**How to complete this task**
Everything from the line containing "11162 Sunset Preserve DR-26" through the final line below must be output exactly, both ends included, with nothing else and no pictures.

**Recorded data**
BEGIN
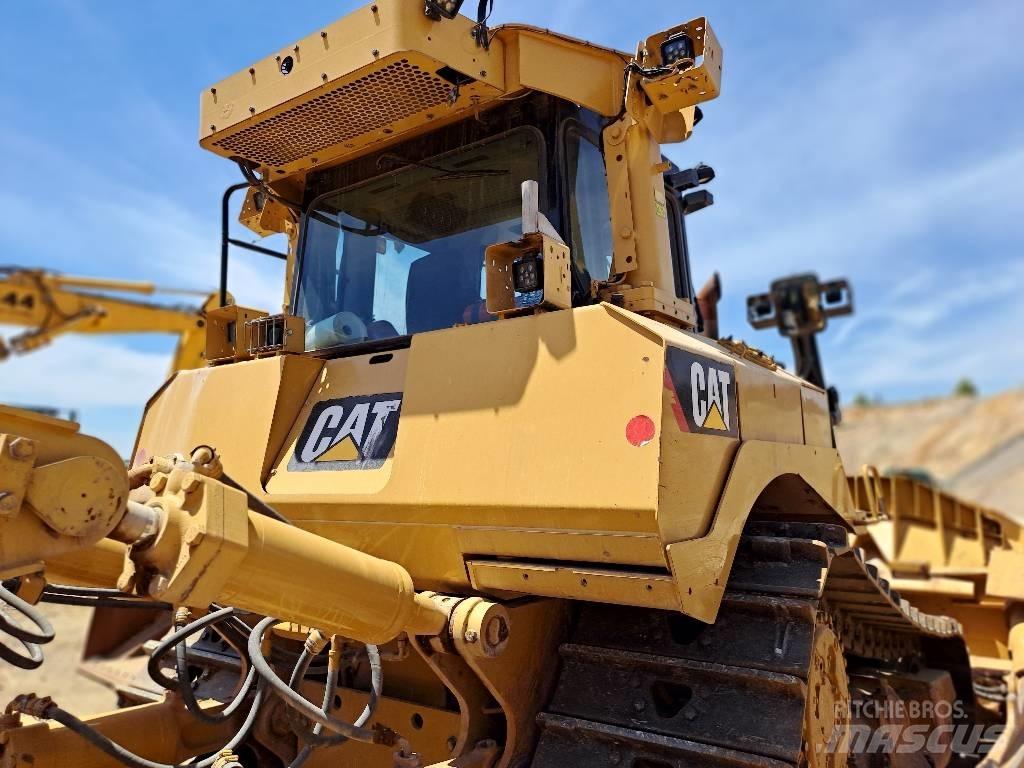 CAT D 8 T Spycharki gąsienicowe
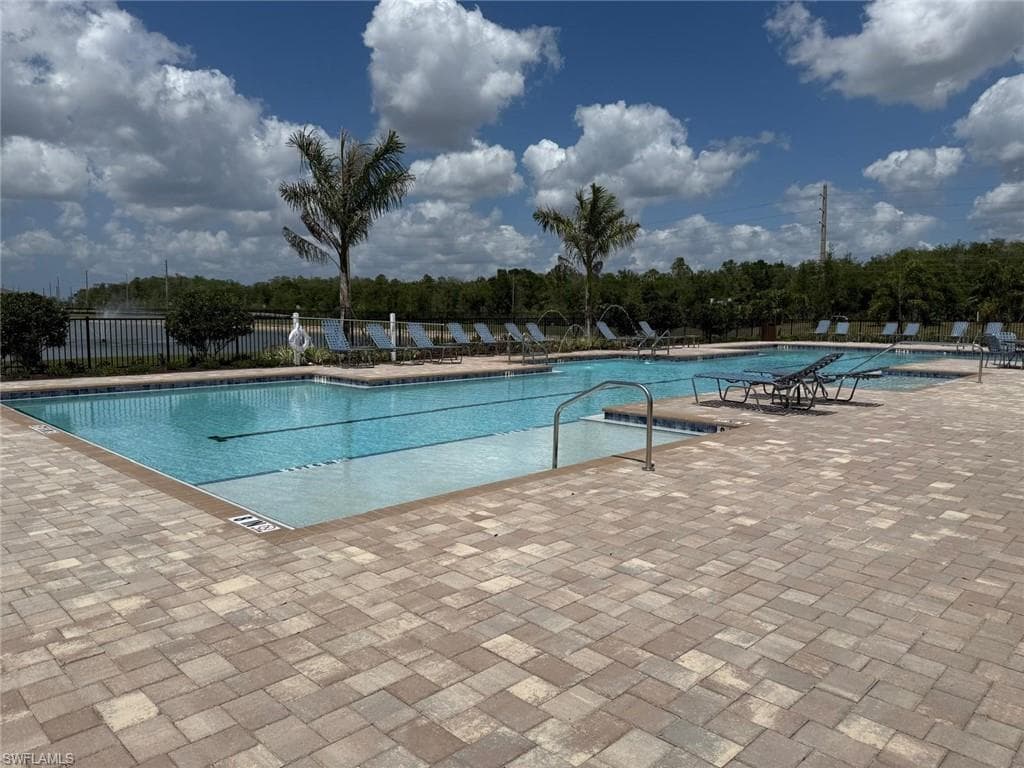 11162 Sunset Preserve DR-26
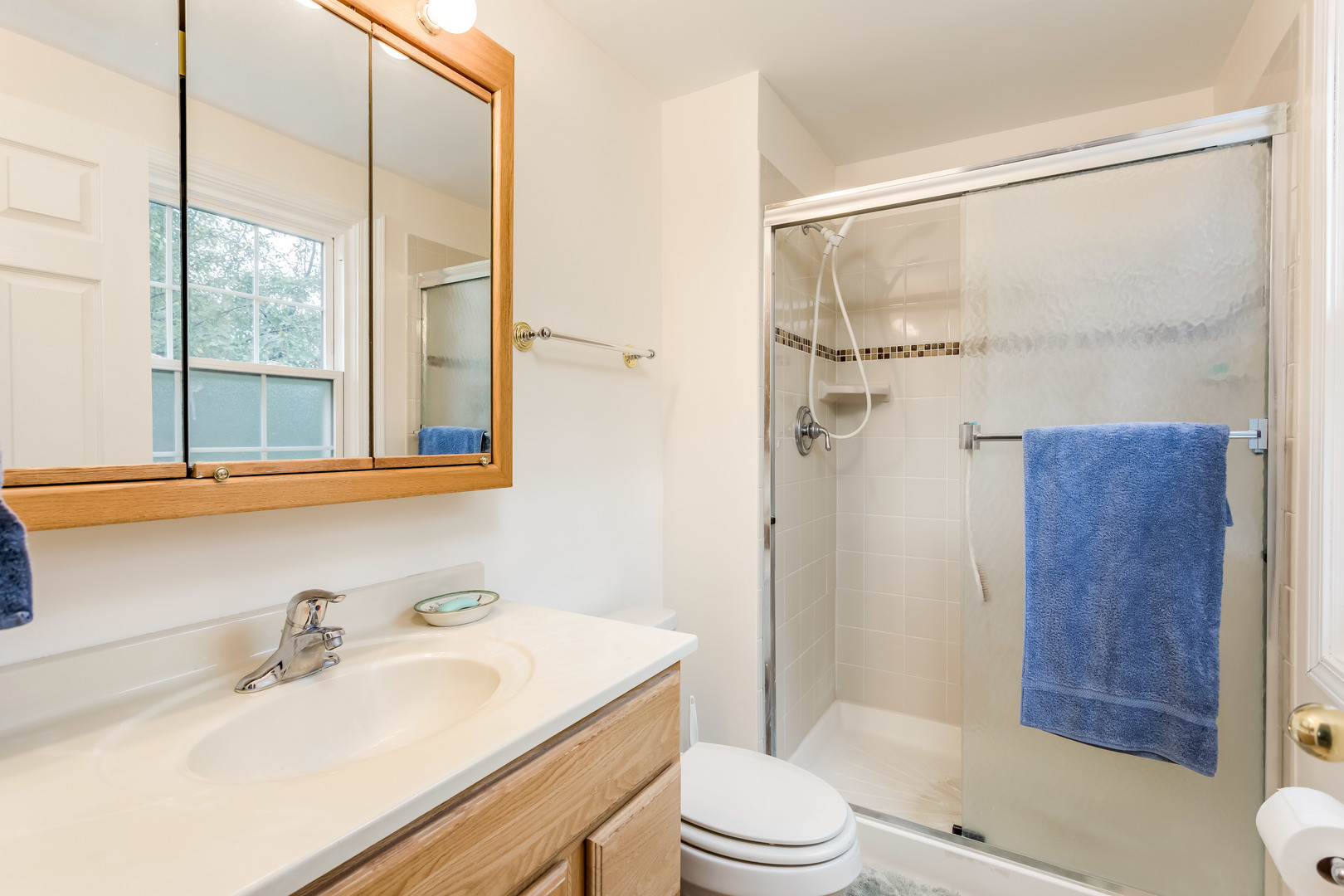 221 Stonegate Road Buffalo Grove, IL 60089 - Photo 27 of 38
END
**Result**
 11162 Sunset Preserve DR-26
 221 Stonegate Road Buffalo Grove, IL 60089 - Photo 27 of 38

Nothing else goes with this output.